Katana is a fast web crawler designed for web application security testing. Discovers endpoints, parameters, and hidden paths through intelligent crawling and JavaScript execution.
Basic Usage
- katana -u https://example.com - Crawl URL
- katana -list urls.txt - Crawl from list
- katana -u https://example.com -o output.txt - Save output
- katana -u https://example.com -json - JSON output
Options
- -u url - Target URL
- -list file - URLs from file
- -o file - Output file
- -json - JSON output format
- -depth N - Max crawl depth (default: 3)
- -scope domain - Scope to domain
- -crawl - Enable crawling
- -js-crawl - JavaScript crawling
- -headless - Use headless browser
- -timeout N - Request timeout (seconds)
Filtering
- -match-regex pattern - Match regex
- -filter-regex pattern - Filter regex
- -match-status 200,301 - Match status codes
- -filter-status 404 - Filter status codes
- -match-size N - Match response size
- -filter-size N - Filter response size
Advanced Options
- -delay N - Delay between requests (ms)
- -concurrency N - Concurrent requests
- -rate-limit N - Rate limit (req/sec)
- -proxy http://proxy:8080 - Use proxy
- -header "Name: Value" - Custom header
- -cookie "name=value" - Cookie
- -user-agent "UA" - User agent
Common Examples
Basic Crawl
katana -u https://example.com
Crawl target website.
Save Output
katana -u https://example.com -o urls.txt
Save discovered URLs.
JSON Output
katana -u https://example.com -json -o results.json
Output in JSON format.
JavaScript Crawling
katana -u https://example.com -js-crawl -headless
Enable JS execution.
Depth Limit
katana -u https://example.com -depth 5
Set crawl depth.
Scope to Domain
katana -u https://example.com -scope example.com
Limit to domain.
Filter Status
katana -u https://example.com -filter-status 404
Exclude 404 responses.
With Proxy
katana -u https://example.com -proxy http://127.0.0.1:8080
Route through proxy.
Custom Headers
katana -u https://example.com -header "Authorization: Bearer token"

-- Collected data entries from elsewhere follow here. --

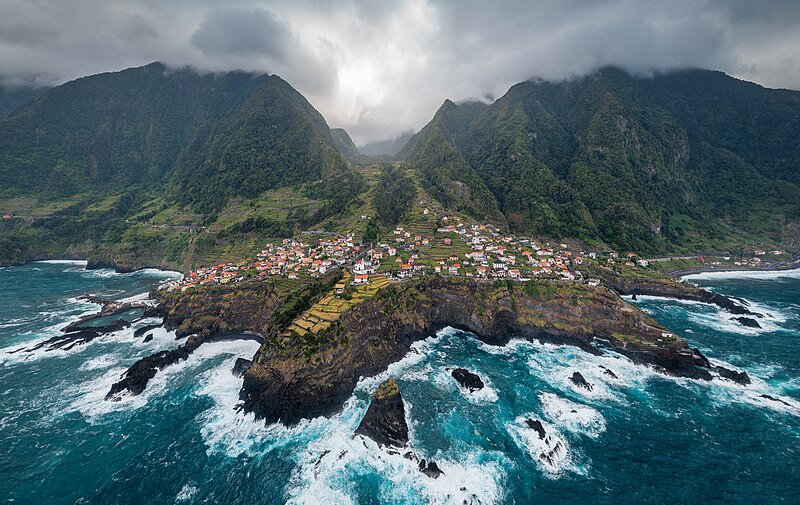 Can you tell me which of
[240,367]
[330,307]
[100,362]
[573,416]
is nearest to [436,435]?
[573,416]

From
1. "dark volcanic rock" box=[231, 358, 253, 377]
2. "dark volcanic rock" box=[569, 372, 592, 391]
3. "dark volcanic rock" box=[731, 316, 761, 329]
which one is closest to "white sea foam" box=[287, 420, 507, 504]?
"dark volcanic rock" box=[569, 372, 592, 391]

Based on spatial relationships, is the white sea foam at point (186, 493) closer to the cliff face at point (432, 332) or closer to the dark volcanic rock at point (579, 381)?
the cliff face at point (432, 332)

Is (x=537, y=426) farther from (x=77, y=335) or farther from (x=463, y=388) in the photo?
(x=77, y=335)

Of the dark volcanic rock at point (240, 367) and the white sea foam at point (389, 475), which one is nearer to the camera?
the white sea foam at point (389, 475)

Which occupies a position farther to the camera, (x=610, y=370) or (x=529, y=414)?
(x=610, y=370)

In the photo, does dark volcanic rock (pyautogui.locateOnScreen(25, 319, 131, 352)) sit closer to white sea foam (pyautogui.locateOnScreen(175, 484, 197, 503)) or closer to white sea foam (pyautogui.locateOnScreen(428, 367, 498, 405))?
white sea foam (pyautogui.locateOnScreen(175, 484, 197, 503))

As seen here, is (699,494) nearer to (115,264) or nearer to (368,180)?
(368,180)

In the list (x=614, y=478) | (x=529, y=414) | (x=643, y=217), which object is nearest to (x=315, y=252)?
(x=529, y=414)

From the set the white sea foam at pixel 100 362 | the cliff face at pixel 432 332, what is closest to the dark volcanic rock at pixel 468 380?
the cliff face at pixel 432 332
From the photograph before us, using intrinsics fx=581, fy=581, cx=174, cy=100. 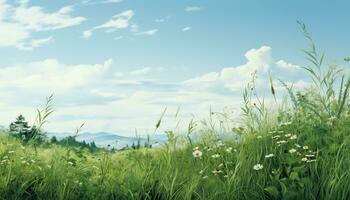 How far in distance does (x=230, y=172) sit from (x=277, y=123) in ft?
5.33

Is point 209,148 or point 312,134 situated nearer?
point 312,134

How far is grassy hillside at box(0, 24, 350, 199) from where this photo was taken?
535 centimetres

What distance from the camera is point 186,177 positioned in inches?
225

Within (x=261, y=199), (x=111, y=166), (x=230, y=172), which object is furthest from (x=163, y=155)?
(x=261, y=199)

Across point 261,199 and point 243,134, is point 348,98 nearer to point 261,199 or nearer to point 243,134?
point 243,134

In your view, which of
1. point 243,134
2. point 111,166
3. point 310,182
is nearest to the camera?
point 310,182

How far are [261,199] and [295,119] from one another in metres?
1.92

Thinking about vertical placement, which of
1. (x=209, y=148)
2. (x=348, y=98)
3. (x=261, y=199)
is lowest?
(x=261, y=199)

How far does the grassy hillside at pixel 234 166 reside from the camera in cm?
535

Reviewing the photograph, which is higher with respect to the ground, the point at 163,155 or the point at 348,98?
the point at 348,98

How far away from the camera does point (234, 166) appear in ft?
19.8

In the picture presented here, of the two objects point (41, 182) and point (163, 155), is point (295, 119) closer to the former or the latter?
point (163, 155)

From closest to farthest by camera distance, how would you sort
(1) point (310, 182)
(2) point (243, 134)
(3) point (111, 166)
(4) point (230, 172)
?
(1) point (310, 182) < (4) point (230, 172) < (3) point (111, 166) < (2) point (243, 134)

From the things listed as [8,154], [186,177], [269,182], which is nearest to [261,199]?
[269,182] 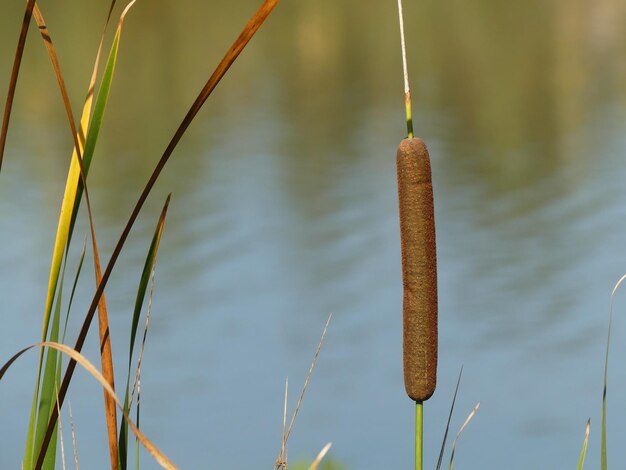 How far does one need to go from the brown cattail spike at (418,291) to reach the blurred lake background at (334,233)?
1729 millimetres

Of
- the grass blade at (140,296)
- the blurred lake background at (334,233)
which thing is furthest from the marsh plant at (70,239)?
the blurred lake background at (334,233)

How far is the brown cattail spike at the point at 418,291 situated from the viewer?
1.61 ft

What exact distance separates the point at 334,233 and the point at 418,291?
4.12 m

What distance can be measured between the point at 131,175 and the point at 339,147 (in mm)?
1118

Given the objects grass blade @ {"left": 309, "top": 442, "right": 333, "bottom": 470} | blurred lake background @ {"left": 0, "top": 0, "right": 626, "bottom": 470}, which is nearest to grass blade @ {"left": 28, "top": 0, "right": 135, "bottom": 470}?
grass blade @ {"left": 309, "top": 442, "right": 333, "bottom": 470}

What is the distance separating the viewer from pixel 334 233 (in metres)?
4.62

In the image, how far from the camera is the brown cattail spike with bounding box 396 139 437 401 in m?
0.49

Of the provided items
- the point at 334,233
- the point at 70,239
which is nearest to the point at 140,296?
the point at 70,239

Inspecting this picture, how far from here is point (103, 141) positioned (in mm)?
5980

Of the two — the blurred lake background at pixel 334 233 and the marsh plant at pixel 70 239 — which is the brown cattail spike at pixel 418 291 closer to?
the marsh plant at pixel 70 239

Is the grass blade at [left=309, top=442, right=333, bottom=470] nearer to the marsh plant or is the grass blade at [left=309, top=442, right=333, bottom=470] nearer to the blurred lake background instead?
the marsh plant

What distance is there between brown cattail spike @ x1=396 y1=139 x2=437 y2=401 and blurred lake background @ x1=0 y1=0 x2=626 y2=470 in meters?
1.73

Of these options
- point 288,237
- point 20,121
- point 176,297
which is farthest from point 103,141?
point 176,297

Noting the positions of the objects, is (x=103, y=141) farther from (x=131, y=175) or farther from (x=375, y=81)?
(x=375, y=81) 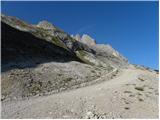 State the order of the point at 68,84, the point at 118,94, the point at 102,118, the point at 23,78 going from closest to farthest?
the point at 102,118, the point at 118,94, the point at 23,78, the point at 68,84

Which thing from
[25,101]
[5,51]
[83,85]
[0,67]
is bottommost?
[25,101]

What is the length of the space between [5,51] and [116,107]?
34.7 metres

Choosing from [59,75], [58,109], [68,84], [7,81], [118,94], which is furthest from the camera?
[59,75]

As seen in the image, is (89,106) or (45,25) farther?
(45,25)

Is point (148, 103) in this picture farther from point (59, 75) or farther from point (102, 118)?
point (59, 75)

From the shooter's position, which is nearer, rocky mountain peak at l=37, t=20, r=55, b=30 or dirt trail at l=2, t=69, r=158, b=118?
dirt trail at l=2, t=69, r=158, b=118

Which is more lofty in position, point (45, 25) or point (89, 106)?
point (45, 25)

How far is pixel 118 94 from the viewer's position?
3136 cm

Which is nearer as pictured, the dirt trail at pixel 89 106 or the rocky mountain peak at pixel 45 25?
the dirt trail at pixel 89 106

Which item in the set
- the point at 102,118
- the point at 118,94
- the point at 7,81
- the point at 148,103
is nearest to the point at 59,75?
the point at 7,81

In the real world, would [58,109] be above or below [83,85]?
below

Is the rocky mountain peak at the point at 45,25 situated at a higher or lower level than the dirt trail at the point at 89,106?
higher

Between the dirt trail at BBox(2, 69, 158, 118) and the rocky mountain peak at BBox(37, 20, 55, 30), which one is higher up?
the rocky mountain peak at BBox(37, 20, 55, 30)

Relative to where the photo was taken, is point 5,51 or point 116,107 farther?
point 5,51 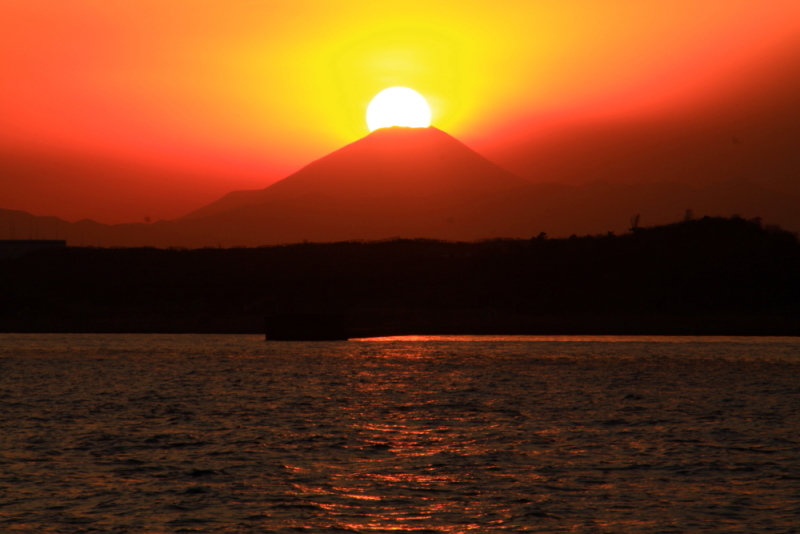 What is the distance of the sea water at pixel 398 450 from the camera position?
68.6ft

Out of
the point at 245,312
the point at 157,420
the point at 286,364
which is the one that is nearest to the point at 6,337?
the point at 245,312

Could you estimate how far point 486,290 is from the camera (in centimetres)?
16125

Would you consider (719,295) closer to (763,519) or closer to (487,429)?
(487,429)

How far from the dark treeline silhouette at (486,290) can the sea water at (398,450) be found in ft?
230

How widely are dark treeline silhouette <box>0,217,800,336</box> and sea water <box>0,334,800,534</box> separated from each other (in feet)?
230

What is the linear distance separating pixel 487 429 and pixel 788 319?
113 metres

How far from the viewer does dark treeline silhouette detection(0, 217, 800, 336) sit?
138875mm

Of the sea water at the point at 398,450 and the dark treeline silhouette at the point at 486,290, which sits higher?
the dark treeline silhouette at the point at 486,290

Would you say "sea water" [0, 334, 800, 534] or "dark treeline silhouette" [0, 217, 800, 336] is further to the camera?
"dark treeline silhouette" [0, 217, 800, 336]

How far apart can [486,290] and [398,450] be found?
132 metres

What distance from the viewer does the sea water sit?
2092cm

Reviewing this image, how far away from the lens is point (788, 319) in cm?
13338

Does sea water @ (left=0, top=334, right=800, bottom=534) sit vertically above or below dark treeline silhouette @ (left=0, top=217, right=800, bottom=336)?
below

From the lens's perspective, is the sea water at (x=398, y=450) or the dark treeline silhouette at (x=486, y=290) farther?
the dark treeline silhouette at (x=486, y=290) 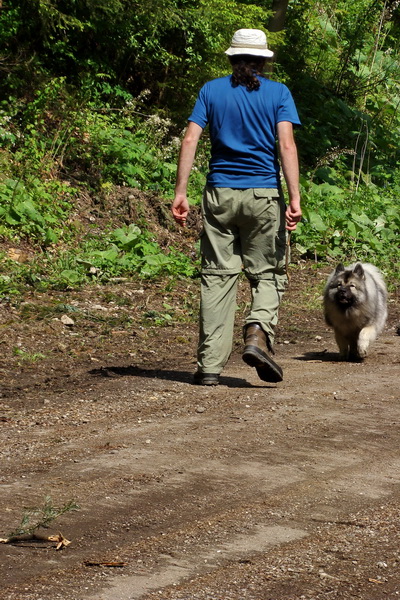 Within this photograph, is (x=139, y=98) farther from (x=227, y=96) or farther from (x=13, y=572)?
(x=13, y=572)

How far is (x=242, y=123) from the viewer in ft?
23.7

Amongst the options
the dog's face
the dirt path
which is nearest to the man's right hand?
the dirt path

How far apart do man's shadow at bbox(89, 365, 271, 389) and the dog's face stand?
2.08 meters

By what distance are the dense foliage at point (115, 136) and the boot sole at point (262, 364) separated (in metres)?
4.20

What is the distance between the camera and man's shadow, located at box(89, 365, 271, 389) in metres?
7.76

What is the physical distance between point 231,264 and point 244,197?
0.55 m

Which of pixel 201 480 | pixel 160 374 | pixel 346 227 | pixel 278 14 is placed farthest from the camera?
pixel 278 14

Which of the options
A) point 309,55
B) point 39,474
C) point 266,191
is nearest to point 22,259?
point 266,191

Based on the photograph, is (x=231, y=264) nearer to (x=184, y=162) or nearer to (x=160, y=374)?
(x=184, y=162)

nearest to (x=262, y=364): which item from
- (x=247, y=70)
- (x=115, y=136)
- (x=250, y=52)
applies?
(x=247, y=70)

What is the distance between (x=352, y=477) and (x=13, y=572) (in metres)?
2.12

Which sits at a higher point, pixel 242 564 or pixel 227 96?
pixel 227 96

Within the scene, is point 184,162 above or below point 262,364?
above

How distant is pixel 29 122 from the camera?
15102 mm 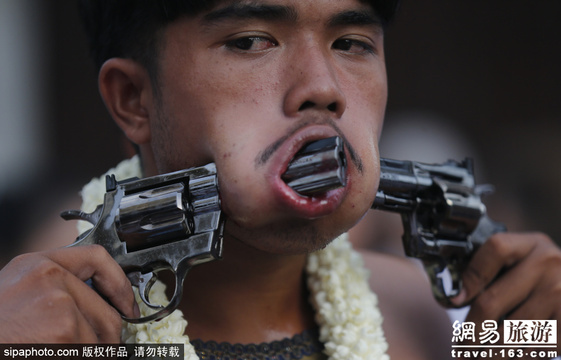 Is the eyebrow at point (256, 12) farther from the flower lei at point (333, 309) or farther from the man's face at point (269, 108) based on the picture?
the flower lei at point (333, 309)

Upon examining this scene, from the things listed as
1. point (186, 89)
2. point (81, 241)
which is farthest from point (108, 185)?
point (186, 89)

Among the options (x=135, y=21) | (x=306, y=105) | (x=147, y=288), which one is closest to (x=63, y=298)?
(x=147, y=288)

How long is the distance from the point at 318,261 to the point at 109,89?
0.61 meters

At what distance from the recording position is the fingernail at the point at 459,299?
1541 mm

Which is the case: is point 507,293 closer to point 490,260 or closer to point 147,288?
point 490,260

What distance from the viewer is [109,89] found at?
1386 mm

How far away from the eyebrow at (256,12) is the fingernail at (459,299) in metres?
0.79

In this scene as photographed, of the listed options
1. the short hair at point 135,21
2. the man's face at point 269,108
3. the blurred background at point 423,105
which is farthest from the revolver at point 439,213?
the blurred background at point 423,105

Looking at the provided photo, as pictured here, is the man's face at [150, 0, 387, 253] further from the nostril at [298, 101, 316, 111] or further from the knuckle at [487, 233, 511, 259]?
the knuckle at [487, 233, 511, 259]

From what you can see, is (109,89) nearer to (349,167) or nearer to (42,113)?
(349,167)

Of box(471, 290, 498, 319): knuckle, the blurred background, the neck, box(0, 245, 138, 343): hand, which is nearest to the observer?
box(0, 245, 138, 343): hand

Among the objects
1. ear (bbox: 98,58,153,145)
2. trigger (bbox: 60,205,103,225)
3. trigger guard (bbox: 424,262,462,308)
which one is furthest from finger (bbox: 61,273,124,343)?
trigger guard (bbox: 424,262,462,308)

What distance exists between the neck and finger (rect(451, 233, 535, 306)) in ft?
1.47

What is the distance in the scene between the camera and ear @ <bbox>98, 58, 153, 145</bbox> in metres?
1.33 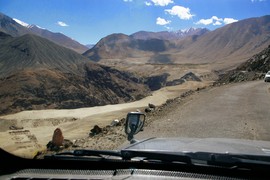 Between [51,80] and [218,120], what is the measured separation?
5713 cm

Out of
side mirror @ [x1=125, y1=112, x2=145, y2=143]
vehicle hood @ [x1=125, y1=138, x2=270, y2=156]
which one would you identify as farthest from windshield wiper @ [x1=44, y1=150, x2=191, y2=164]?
side mirror @ [x1=125, y1=112, x2=145, y2=143]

Add authentication header.
From List
katana -list urls.txt -o discovered.txt
Crawl multiple URLs.
Tips
- Use -js-crawl for modern SPAs
- Adjust -depth based on site size
- Use -scope to avoid crawling external sites
- Filter out noise with -filter-status
- Use -json for programmatic processing
- Combine with other tools in pipelines
- Respect rate limits and robots.txt
- Great for endpoint discovery